The oldest and most successful brother, Will, but who is never really appreciated by his father is sharply and artistically portrayed by Robert W. Arbogast. Robert’s compassionate delivery for his younger brothers and his concern and deep angst toward his father’s breakdown can be clearly read in performance.
Chad Coe, plays the middle brother David, who is the ‘lost soul’ of this family. Who can’t find his nitch and squanders all the money given to him by his parents. Never landing on his feet and always needing help. Chad makes his confusion and misdirection seems real and honest with his personal performance.
The youngest brother, and most quiet, yet completely focused on his goals and career is played by Lane Compton. Lane gives a subtle and quiet performance that both entices his older brothers and seems to aggravate his father’s requests to no end.

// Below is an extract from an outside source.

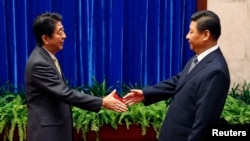 Japan's Prime Minister Shinzo Abe shakes hands with China's President Xi Jinping (R) during their meeting at the Great Hall of the People, on the sidelines of the Asia Pacific Economic Cooperation (APEC) meetings, in Beijing, Nov. 10, 2014.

Other notable performance can also be seen from Don Savage (playing Sam), Karesa McElheny (playing the accented Gerde), Jay Willick (playing J.D.) and Alex Robert Holmes (playing Herman) who each contribute their small but poignant points in the story of this broken family both past and present.
The cast is beautifully complimented by the period set designed by Dove Huntley who not only captured the color and period of the time but made you feel like you were right there in their living room feeling each characters pain in living color. Shon Leblanc’s costuming also complimented the performances, ambiance and feel for the entire production. Luke Moyer also did some amazing lighting design that allowed the flashbacks to feel visceral in the context of relating to the past of the father losing himself and his family.
The play is a wonderful representation of what money, power and fame can due to the basic family unit. Making times, events and even people estranged from each other to the point where no one even hears what the other is saying, even if their your immediate family.
“The Red Room” is a touching play with an amazing cast of ensemble performances that will make you think more internally about your own relationships with your immediate family. A strong dramatic piece that is not for the weak of soul or passion!